FOTO: RODRIGO CARVALHO
As cisternas se espalham por diversos pontos do município, chamando atenção de quem passa
Há quase três meses, grandes recipientes de plástico são elemento estranho na paisagem de Granja, na Região Norte do Estado. Aos milhares, as estruturas se acumulam pela cidade – sobre praças, terrenos baldios e até canteiros de obras. Pode soar estranho em meio aos quatro anos de seca no Ceará, mas trata-se de mais de 2,2 mil cisternas de polietileno, prontas para instalação desde fevereiro e até hoje “encostadas” pela Prefeitura.

Com a finalidade de captar água das chuvas para uso da população mais pobre, os equipamentos estão sem uso desde que chegaram ao Município. Com isso, já deixaram de acumular quase toda a quadra chuvosa de 2015 - período entre fevereiro e maio que concentra o maior índice de chuvas do ano.

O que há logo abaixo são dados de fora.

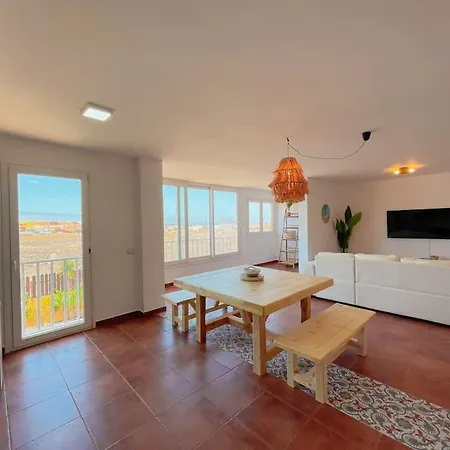 Casa Bamboo Corralejo, Espacioso, Piscina Y Parking Corralejo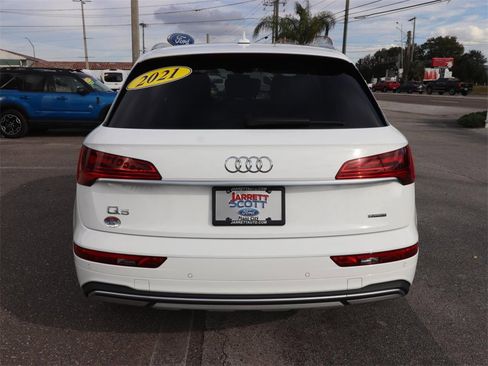 Used 2021 Audi Q5 2.0T Premium image 9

Os equipamentos fazem parte de parceria entre a Prefeitura de Granja e o Departamento Nacional de Obras Contra as Secas (Dnocs) para a construção de 3.500 cisternas no Município. A reportagem tentou entrar em contato com o Dnocs para saber o valor total investido no projeto, mas não obteve resposta. Segundo o Ministério da Integração Nacional, cada cisterna desse tipo custa - somando despesas de fabricação e instalação - R$ 5 mil, totalizando valor de R$ 17,5 milhões no caso de Granja.

Cadastramento
Segundo Francisco Gonzaga Souza, titular da Defesa Civil de Granja, pelo menos 2.223 cisternas estão no Município desde a terceira semana de fevereiro. Segundo ele, os equipamentos ainda não foram instalados pois estão em fase de cadastramento e georeferenciamento. Francisco afirma, no entanto, que as primeiras unidades devem ser entregues a partir desta semana. Questionado sobre como será o abastecimento, diante do prognóstico negativo a partir de maio, ele diz que a captação ocorrerá por meio de carros-pipa.

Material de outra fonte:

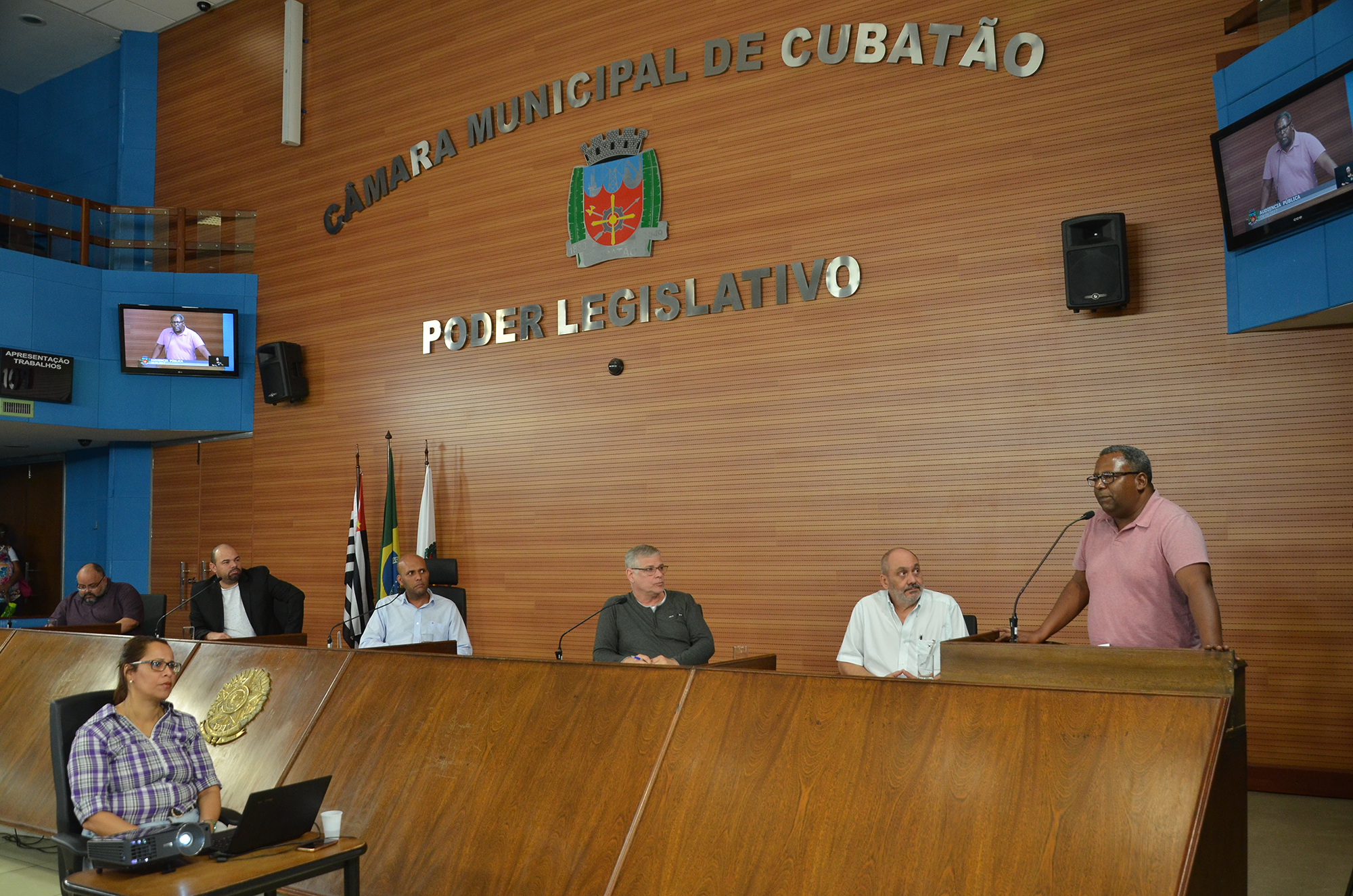 Secretário de Finanças afirma que cidade sairá em breve da lista de inadimplentes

A opção é contestada por especialistas, que classificam a água dos caminhões como “inadequada” e destinada apenas para emergências. “O ideal é que essa água, usada para beber e cozinhar, venha das chuvas. A água dos caminhões-pipa é de qualidade ruim, reservada para crises”, diz o presidente do Esplar e membro do Fórum Cearense pela Vida no Semiárido (FCVSA), Marcus Oliveira. Na página oficial do Ministério da Integração Nacional, também é destacado que esse tipo de cisterna é destinada a “captar águas pluviais”.

População
Em passagem por Granja, a equipe do O POVO flagrou pelo menos seis pontos onde dezenas de cisternas estavam paradas. Entre os moradores, a situação chama a atenção. “Já está desse jeito faz tempo. Ninguém sabe quando vão tirar”, diz José de Oliveira, morador da sede de Granja. Ele diz que tem enfrentado dificuldades com água - “como todo mundo” -, mas lamenta a situação sobretudo para distritos mais afastados. “É lá que a coisa deve estar bem difícil”, diz.

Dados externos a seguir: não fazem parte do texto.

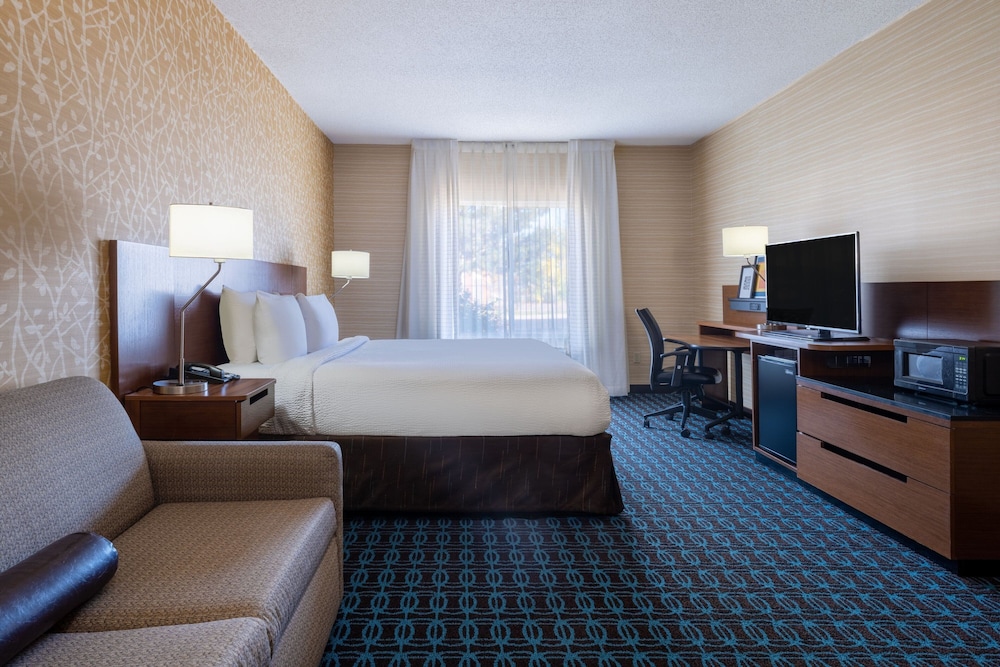 Fairfield Inn and Suites by Marriott Denver Aurora Medical Center - photo 14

Segundo o Atlas do Desenvolvimento Humano no Brasil, Granja tem hoje Índice de Desenvolvimento de 0,559. É o segundo menor IDH do Estado do Ceará, na frente apenas do Município de Salitre. Procurada pelo O POVO, a assessoria de imprensa da Controladoria Geral da União (CGU) em Brasília afirma que o órgão realiza inspeções para o uso adequado de recursos para programas de cisternas. Ela destaca, no entanto, que atuação da CGU nesses casos é mais “secundária”, sendo a fiscalização dever do órgão que firma a parceria. No caso das cisternas de Granja, o Dnocs.

A reportagem procurou o Dnocs para uma série de questionamentos. O órgão, no entanto, informou que apenas responderia as perguntas na próxima segunda-feira.